Was geschieht am 9. Mai? Der nächste Montag könnte ein Meilenstein im russisch-ukrainischen Krieg sein. Was wird Putin am «Tag des Sieges über Nazi-Deutschland» verkünden? Gefeiert wird an diesem Tag das Ende des «Grossen Vaterländischen Krieges», bei dem etwa 28 Millionen Sowjetrussen ums Leben gekommen sind. In Moskau findet jeweils eine grosse Militärparade statt. Präsident Putin wird eine Art «State of the Union»-Botschaft verkünden. Wird er den Krieg ausweiten?
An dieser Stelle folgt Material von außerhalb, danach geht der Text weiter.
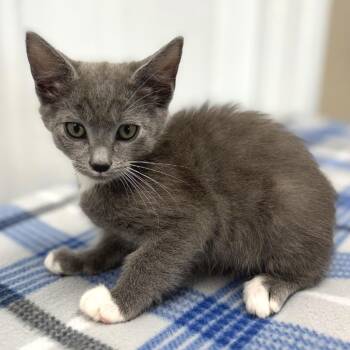 Mittens -  Domestic Short Hair Cat for Adoption in Medford, Oregon - Mittens | PetCurious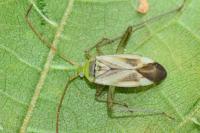 Adelphocoris lineolatus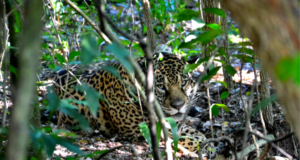 Más que una serie, es el testimonio de proteger la vida en el Iberá- Argentina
Es war allgemein erwartet worden, dass er an diesem 9. Mai den Sieg über die Ukraine feiern wird. Der Kreml-Führer glaubte, das Nachbarland im Handstreich, in wenigen Tagen, erobern zu können. Doch davon sind die russischen Truppen weit entfernt. Die russische Armee beweist fast täglich, dass sie sich in einem wenig robusten Zustand befindet.
Also: Putin kann am 9. Mai nicht wie geplant, den grossen Sieg über die Ukraine verkünden. Schon das ist eine Blamage für ihn.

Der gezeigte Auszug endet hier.